# YOUR INSTRUCTIONS:
Each entry, in full: reproduce it exactly.

Data entries:
== == ==

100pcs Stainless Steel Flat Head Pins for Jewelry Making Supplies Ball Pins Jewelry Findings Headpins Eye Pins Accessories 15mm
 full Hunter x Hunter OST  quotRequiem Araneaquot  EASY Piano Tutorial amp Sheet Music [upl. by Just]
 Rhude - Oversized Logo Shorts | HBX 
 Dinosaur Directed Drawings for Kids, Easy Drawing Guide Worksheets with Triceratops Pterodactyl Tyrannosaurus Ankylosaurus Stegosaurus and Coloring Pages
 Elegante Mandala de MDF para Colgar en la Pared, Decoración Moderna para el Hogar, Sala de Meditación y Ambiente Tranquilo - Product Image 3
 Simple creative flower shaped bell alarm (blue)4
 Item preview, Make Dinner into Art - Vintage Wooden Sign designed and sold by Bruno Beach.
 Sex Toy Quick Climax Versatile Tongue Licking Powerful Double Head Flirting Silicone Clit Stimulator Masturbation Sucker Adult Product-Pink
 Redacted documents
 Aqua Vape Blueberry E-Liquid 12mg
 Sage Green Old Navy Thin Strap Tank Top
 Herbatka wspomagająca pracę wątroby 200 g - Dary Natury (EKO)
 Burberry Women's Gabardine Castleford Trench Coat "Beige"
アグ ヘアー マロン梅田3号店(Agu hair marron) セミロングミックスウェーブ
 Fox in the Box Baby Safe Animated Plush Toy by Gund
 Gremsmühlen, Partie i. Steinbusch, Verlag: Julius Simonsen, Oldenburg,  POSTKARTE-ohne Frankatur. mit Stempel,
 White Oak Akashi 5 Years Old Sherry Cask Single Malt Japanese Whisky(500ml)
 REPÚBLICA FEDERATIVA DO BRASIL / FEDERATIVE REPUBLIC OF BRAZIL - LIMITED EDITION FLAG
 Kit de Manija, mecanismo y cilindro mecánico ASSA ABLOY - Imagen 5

== == ==

# EXERCISE OUTPUT:
100pcs Stainless Steel Flat Head Pins for Jewelry Making Supplies Ball Pins Jewelry Findings Headpins Eye Pins Accessories 15mm
 full Hunter x Hunter OST  quotRequiem Araneaquot  EASY Piano Tutorial amp Sheet Music [upl. by Just]
 Rhude - Oversized Logo Shorts | HBX 
 Dinosaur Directed Drawings for Kids, Easy Drawing Guide Worksheets with Triceratops Pterodactyl Tyrannosaurus Ankylosaurus Stegosaurus and Coloring Pages
 Elegante Mandala de MDF para Colgar en la Pared, Decoración Moderna para el Hogar, Sala de Meditación y Ambiente Tranquilo - Product Image 3
 Simple creative flower shaped bell alarm (blue)4
 Item preview, Make Dinner into Art - Vintage Wooden Sign designed and sold by Bruno Beach.
 Sex Toy Quick Climax Versatile Tongue Licking Powerful Double Head Flirting Silicone Clit Stimulator Masturbation Sucker Adult Product-Pink
 Redacted documents
 Aqua Vape Blueberry E-Liquid 12mg
 Sage Green Old Navy Thin Strap Tank Top
 Herbatka wspomagająca pracę wątroby 200 g - Dary Natury (EKO)
 Burberry Women's Gabardine Castleford Trench Coat "Beige"
アグ ヘアー マロン梅田3号店(Agu hair marron) セミロングミックスウェーブ
 Fox in the Box Baby Safe Animated Plush Toy by Gund
 Gremsmühlen, Partie i. Steinbusch, Verlag: Julius Simonsen, Oldenburg,  POSTKARTE-ohne Frankatur. mit Stempel,
 White Oak Akashi 5 Years Old Sherry Cask Single Malt Japanese Whisky(500ml)
 REPÚBLICA FEDERATIVA DO BRASIL / FEDERATIVE REPUBLIC OF BRAZIL - LIMITED EDITION FLAG
 Kit de Manija, mecanismo y cilindro mecánico ASSA ABLOY - Imagen 5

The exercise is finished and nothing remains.